Coalition explores leveraging money for affordable housing.

City Council got a written thank you for its action on the recent budget adoption and an element of the tax package that accompanied it.

Housing Action, a citizen's coalition to create more affordable housing, presented a letter of "deep gratitude" to City Councilman Ludwig Gaines for the council's action to dedicate one cent of the real property tax and a portion of the recordation tax "to preserve affordable housing." The presentation took place during the group's meeting June 15 at Westminster Presbyterian Church.

"Council's action reflects the high priority that our entire community places on maintaining a supply of housing that can support a vibrant and diverse community," according to the letter signed by Nancy Carson and James Hoben, co-chairs, Housing Action.

"Already many of our community's workers — including firefighters, teachers, police officers, and health care professionals — are being forced to move out of town .... Without a coordinated, sustained effort to combat current trends, Alexandria will soon become a city of only two classes: the very wealthy and the poor living in public housing," it stated.

"It's because of organizations like you that we found the political will to do this. This is to protect many who have lived here all their lives and are now facing a potential moving van due to escalating property taxes," Gaines said in accepting the letter of thanks on behalf of the mayor and council.

The one cent dedication is estimated to produce approximately $3.65 million in revenue. "We are also hoping that other revenues will be freed up for this purpose," Carson said.

"We are very aware of how hard city staff is working to deal with all the things on their plate. And we are extremely honored and humbled by all the groups forming around the Housing Action coalition," Hoben said.

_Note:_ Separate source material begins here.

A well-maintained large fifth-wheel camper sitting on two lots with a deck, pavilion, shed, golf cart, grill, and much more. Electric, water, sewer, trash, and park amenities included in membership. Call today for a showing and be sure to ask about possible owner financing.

"No matter if we are poor or rich, we have to rally around this issue. Now we have to decide how to move from these very important decisions by council to a commitment to action," he said.

Hoben said, "About five percent of the apartments in the city have been bought by developers who are converting them to condominiums. We need to leverage this money from the tax into at least $36 million if we are going to buy property for affordable housing," Hoben said.

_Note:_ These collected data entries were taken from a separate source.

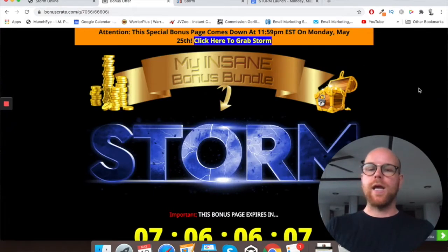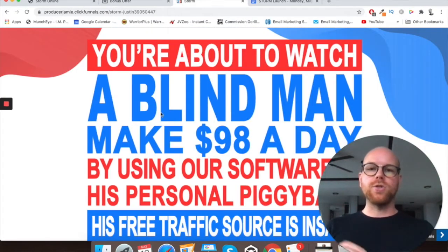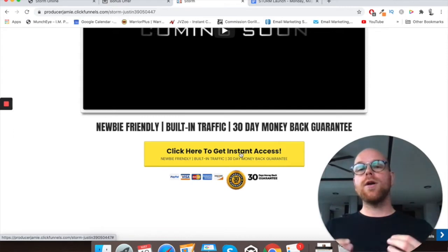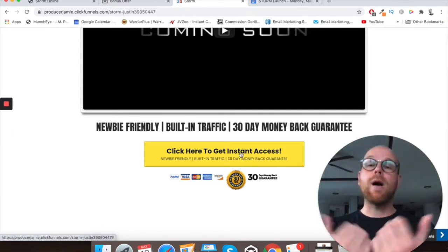I'll show that in more detail a little bit later. If at any point during this video you do want to pick up Storm, just click on my link in the description below. Once you click on that link, you'll come through to my bonus page. Scroll down and you'll see some yellow buttons — click on those. That will take you through to the sales page of Storm itself where another yellow button will lock in your purchase. You need to do that process to lock in my bonuses that I've bundled in free of charge with your purchase of Storm if you buy through my link.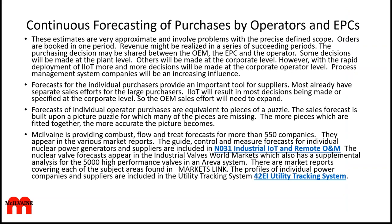The forecasting that we're doing is very detailed, covering many different areas. We are providing forecasts for the 550 companies in all these different industries, covered in our Industrial IoT and Remote O&M service. We also have various different valve products, including one just on nuclear valves and one on all valves. When it comes to profiles of individual power companies and project tracking and information on all their plants, this is one of a number of systems called the utility tracking system, with weekly alerts and decision systems.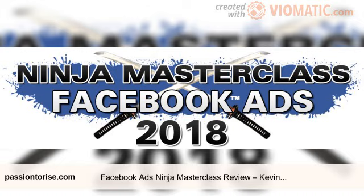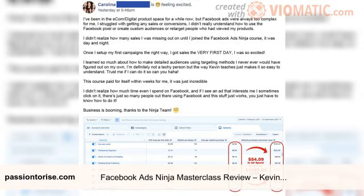Hello everyone, hope you guys are doing well. In today's post, let's talk about the brand new Facebook Ads Ninja Masterclass course by Kevin David. I'm going to be doing the Facebook Ads Ninja Masterclass review, covering stuff like what it is, what you get inside the training, and whether you should invest in the course or not. Hopefully you'll find this post helpful — I'll try to keep it short and to the point.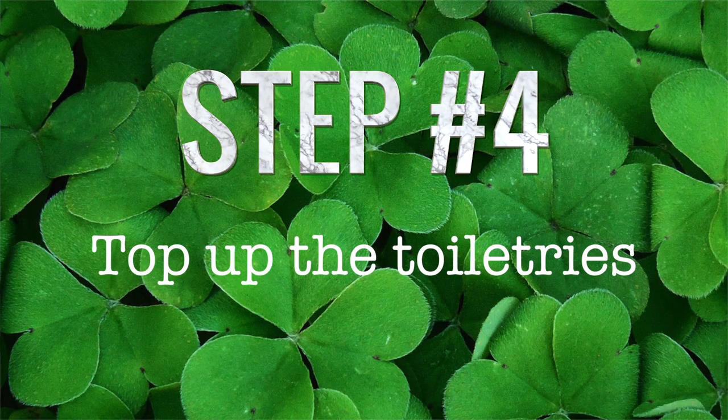While you are in the bathroom, top up the toiletries. Travel size if they're only staying for a very short time, like overnight, but full size if they're staying for anything more than a day or two. Replenish cotton pads and q-tips and liquid soap. If you're running low on anything, pop it on your shopping list and then grab it the next time you're out and about.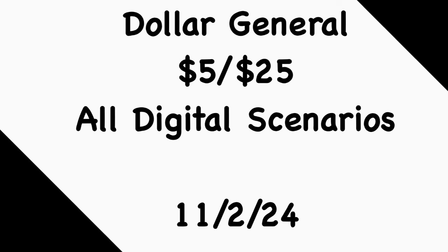That's going to do it for the Dollar General 5 for $25 all-digital scenarios you can do this Saturday, November 2nd. Let me know what you thought of the deals, what you're planning to pick up, or if you're passing because you already grabbed some of the any-day deals I posted earlier in the week. Hopefully your stores are fully stocked.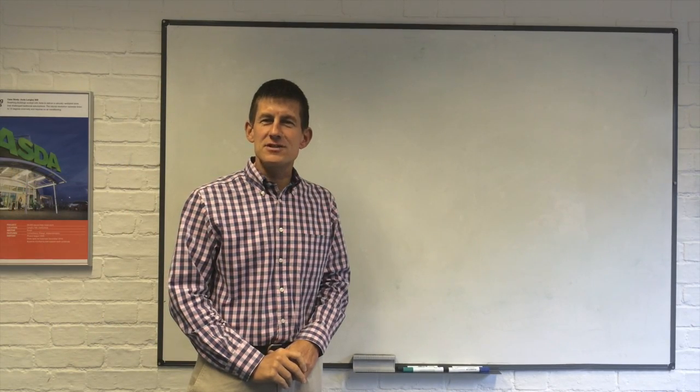Hello, I'm Sean Fitzgerald, Chief Executive of Breathing Buildings. We've been providing natural ventilation systems to hundreds of buildings since 2006.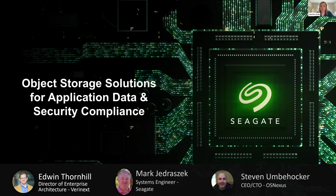Hello, everyone, and welcome to today's webinar hosted by OSNexus, Seagate, and Veronext. Before we get started, I'd like to point out the question box on the bottom middle of your screen, where you can submit questions during the presentation. We will be doing a Q&A at the end of the webinar.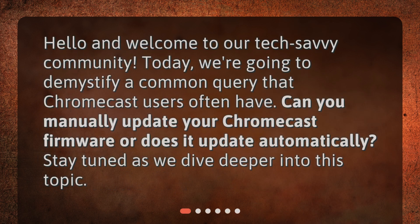Hello and welcome to our tech-savvy community. Today, we're going to demystify a common query that Chromecast users often have: can you manually update your Chromecast firmware, or does it update automatically? Stay tuned as we dive deeper into this topic.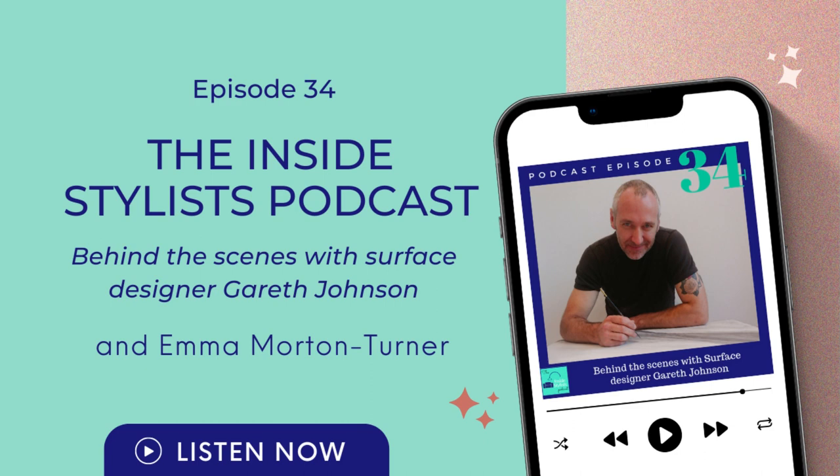Today's guest is a surface fabricator, set builder, designer — the whole enchilada. We've worked on a shoot together, which was my first time I met you, and I'm very excited to have Gareth Johnson on the podcast today. Thank you for joining me.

HE IDENTIFIED three areas of necessary action:

* Develop a housing preservation action plan.

* Multiply and leverage the one cent dedicated funds.

* Build new public/private implementation partnerships.

"One year from now we should be able to say we have saved 200 units," Hoben said.

"We are trying to figure out how we can acquire more units. It would be easy for this money to be used up on existing programs. We want it to go to preserve affordable units," Carson said.

"Developing a strategic plan to preserve affordable units is fine, but we are at such a crisis in Alexandria now we are losing," said A. Melvin Miller, chair, Alexandria Redevelopment and Housing Authority. He suggested looking at ARHA's Glebe Park units as a possibility for increasing the inventory of affordable units.

"We [ARHA] can't continue to carry it [Glebe Park] with Section 8 funds due to HUD's recent rulings. Something's going to happen and it's not going to be nice," Miller told the group.

There are 152 total units at Glebe Park, according to William Dearman, ARHA executive director. Of that, 40 units are public housing and 112 are affordable market rate units. "The section 8 units are included in that 112," Dearman said.

Hoben asked Miller if the city had a team formed "to get the job done on housing."

Miller responded, "There isn't a set group. But, as a result of The Berg project we have established a working group ... it's an ad hoc thing."

Fran Becker of Carpenter's Shelter and a member of Housing Action's steering committee said, "What's critical is to talk about affordable housing within the various civic associations throughout the city." She urged all those present to become involved with their civic associations.

Both Carson and Hoben emphasized that since council "voted unanimously to dedicate revenue for workforce housing ... now all of us must share ideas and energy to produce units. We need education efforts, location surveys, consideration of new policy steps, and a lot of organizing."